Wendy is giving advice on social interactions???  ::rolllaugh:: 

Besides, like Ranma said, this thread has nothing to do with NLP.





> Statistically, speaking if you ask enough losers out, one will yes. Well, seduction wise if you're having trouble stop being such a chump.



Yeah, I'm sure if I went around spouting some stupid pick up line to 100 girls, at least one of them would get interested. However, I already know this is nowhere near the type of girl I'm wanting to talk to. "Losers" isn't my goal... if that's what you're shooting for, then whatever floats your boat...

You really should read a couple of posts in a thread before you start jabbering your (questionable) opinions.   ::shakehead2::

----------


## tyrantt23

> I noticed particular lulls in conversations, when you talk to a lot of people you realise how much of conversation is just a conditioned response. 
> 
>  eg." hi, how are you?, what do you do? where do you live".
> 
>  Dimitri is just saying "Break the usual pattern."



Yeah, I see what you mean. It seems that when the conversation starts out like that, there's not much place for it to go, and if keeps going that direction, the awkward silence is coming up pretty quickly.





> Unfortunately, in my experience, those answers are ok and fun, only if you give them a  real answer later on. I've been blown out too many times by being too much of an ass. if you can't give a straight answer ever People will assume you are being evasive. Not too say that being mysterious isn't attractive. But if she's already attracted, you want to build rapport, so answer better.



That makes sense... if you never give the real answer, I guess she also won't have much to relate to you. I'm the other way usually, just give the plain answer which isn't  helpful either. I have a hard time being loose/creative/funny with people I have just met... something I've been trying to work on through people I already know (if that makes any sense).

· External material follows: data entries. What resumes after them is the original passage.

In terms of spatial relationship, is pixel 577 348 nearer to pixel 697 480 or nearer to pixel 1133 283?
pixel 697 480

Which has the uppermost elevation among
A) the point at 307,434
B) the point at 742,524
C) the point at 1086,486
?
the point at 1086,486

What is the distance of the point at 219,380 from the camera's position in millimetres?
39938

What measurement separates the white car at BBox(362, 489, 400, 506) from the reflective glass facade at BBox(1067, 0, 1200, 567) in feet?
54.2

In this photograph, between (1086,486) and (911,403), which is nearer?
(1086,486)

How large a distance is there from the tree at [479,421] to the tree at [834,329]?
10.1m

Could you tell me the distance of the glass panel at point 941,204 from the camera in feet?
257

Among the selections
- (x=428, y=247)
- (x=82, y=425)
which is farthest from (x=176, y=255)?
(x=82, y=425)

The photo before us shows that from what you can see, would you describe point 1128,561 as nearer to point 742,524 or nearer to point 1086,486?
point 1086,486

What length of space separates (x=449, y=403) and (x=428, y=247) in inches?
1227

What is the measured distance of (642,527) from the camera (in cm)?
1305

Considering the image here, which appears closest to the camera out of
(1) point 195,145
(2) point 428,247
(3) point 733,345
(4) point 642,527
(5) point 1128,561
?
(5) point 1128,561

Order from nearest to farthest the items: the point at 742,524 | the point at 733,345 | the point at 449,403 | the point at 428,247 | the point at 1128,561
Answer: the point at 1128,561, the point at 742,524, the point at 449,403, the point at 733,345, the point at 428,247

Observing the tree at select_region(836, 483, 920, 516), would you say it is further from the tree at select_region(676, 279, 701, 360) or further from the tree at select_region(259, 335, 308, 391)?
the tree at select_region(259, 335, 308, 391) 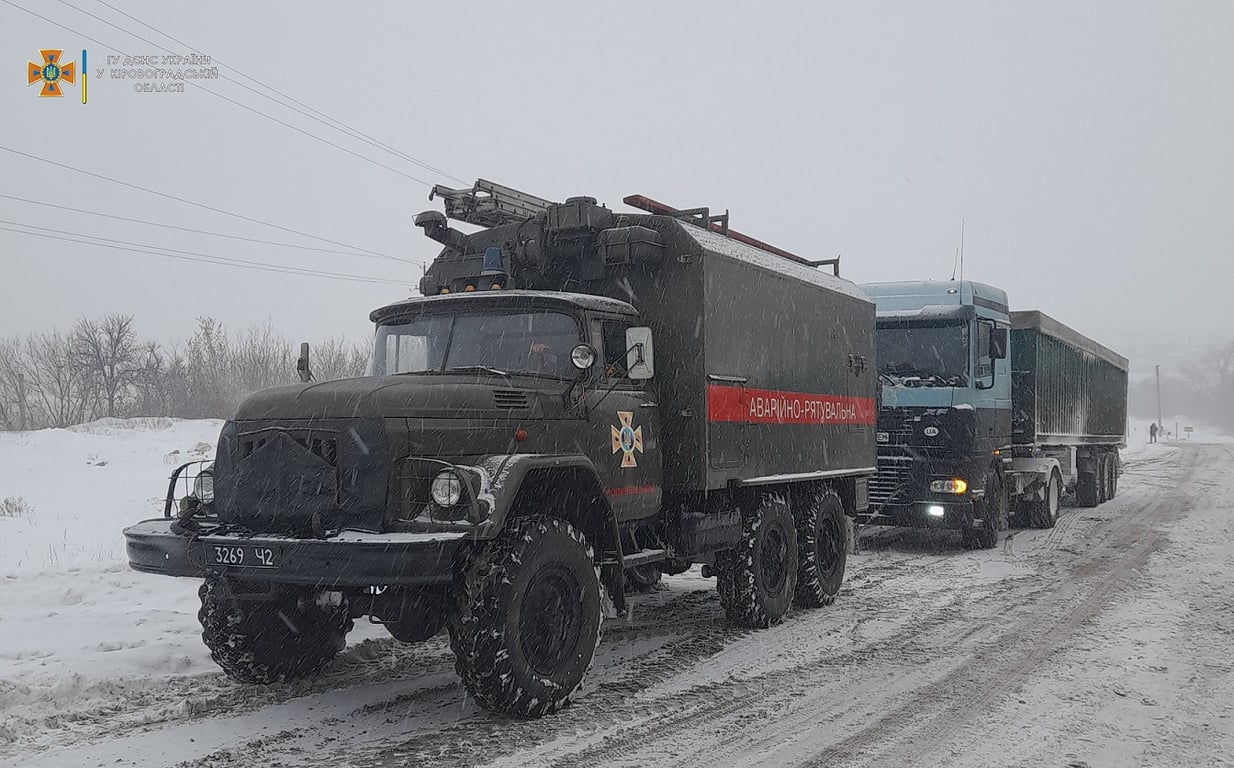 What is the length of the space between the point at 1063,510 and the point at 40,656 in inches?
768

> Juggler claims he can make reading his grocery list an epic tale. So it wouldn't hurt to try it. just don't go overboard like the guy from The 40 Year old virgin. When h tells his friend what he did for the weekend, LOL.

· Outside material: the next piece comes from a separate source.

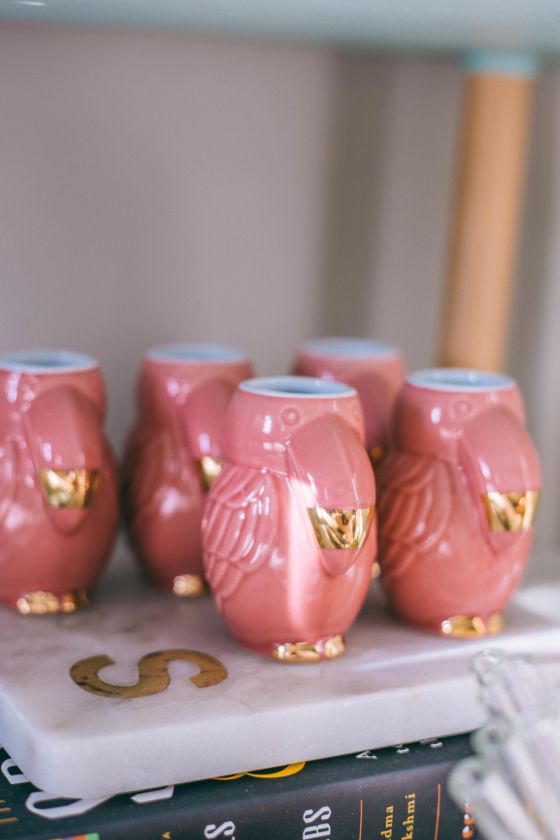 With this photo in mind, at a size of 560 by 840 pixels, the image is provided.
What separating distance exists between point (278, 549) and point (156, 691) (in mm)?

Took me two seconds to remember the scene, but then I laughed out loud... really. Haha, that's such a great movie!

----------


## person-person

Hmmmm, interesting,

Ill try this out and see how I go.

If I can get a girl to smile or say 'Hi', or even stop to talk then I'm happy.

----------


## wendylove

Sorry I lable all crappy psychological advice as NLP.

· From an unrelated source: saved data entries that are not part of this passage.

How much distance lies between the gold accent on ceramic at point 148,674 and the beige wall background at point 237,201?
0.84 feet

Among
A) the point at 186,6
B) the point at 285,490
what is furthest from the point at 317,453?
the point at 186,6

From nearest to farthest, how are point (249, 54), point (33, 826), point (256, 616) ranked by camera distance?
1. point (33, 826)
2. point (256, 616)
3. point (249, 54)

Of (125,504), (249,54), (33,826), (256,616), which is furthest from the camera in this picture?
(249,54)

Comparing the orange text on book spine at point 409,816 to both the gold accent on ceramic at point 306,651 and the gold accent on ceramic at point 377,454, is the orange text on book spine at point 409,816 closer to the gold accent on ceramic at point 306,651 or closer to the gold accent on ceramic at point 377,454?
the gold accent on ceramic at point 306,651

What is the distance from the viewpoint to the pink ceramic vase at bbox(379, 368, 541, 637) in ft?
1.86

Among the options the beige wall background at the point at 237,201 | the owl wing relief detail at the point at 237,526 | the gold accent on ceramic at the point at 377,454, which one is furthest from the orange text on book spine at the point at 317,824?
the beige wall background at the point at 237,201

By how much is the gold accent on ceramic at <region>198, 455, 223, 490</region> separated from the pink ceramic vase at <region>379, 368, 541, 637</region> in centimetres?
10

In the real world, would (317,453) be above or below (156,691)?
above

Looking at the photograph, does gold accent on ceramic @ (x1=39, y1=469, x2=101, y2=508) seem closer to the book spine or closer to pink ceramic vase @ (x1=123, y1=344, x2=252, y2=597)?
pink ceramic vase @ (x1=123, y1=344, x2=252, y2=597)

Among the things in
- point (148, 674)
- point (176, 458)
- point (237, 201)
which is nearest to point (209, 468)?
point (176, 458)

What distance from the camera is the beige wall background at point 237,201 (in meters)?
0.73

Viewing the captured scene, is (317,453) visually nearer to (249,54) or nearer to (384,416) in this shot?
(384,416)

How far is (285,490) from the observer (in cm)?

Okay the thing is only loser or whores will sleep with you, if you want a relationship cut out the bullshit and be yourself. 





> If they ask again what your job is just tell them. Some guys say never answer a question seriously but be cocky and funny. Unfortunately, in my experience, those answers are ok and fun, only if you give them a real answer later on.



Be yourself, not a annoying prick. Come on only morons go for a cocky idiot, most relastionships that last are people who are friends first. If you have to put on a act, then you're a loser.





> I've been blown out too many times by being too much of an ass. if you can't give a straight answer ever People will assume you are being evasive. Not too say that being mysterious isn't attractive. But if she's already attracted, you want to build rapport, so answer better.



Rapport equals parrot the person, I don't know if someone would like to go out with a puppet, but I don't.





> And no matter what you do, you can make your job sound interesting. Now i just say "You know when you walk into a brand new home, the walls are so smooth and flat that it just makes the paint glisten?... That's what i do!". A statement like that is probably not what she usually hears. plus it shows that you have a personality, and you might be passionate about something. just a thought.



If someone told me that I would run the other way, if you want the crazy award do the above. Passion comes from passion not following someone idea of pulling.





> Juggler claims he can make reading his grocery list an epic tale. So it wouldn't hurt to try it. just don't go overboard like the guy from The 40 Year old virgin. When h tells his friend what he did for the weekend, LOL.



Seriously do you get you're techniques from films. Has anyone calling themselves Juggler ever got laid? 

Be yourself, that means cut the rubbish and the crappy techniques, come on their has to be one person who will be with you for who you are.

Ramma the anwser to you're help question is to be more forceful, take control or you will be controlled. Not listening to Juggler would help too.

----------


## Man of Shred

[quote=wendylove;422763]Sorry I lable all crappy psychological advice as NLP.

Okay the thing is only loser or whores will sleep with you, if you want a relationship cut out the bullshit and be yourself. [/ quote]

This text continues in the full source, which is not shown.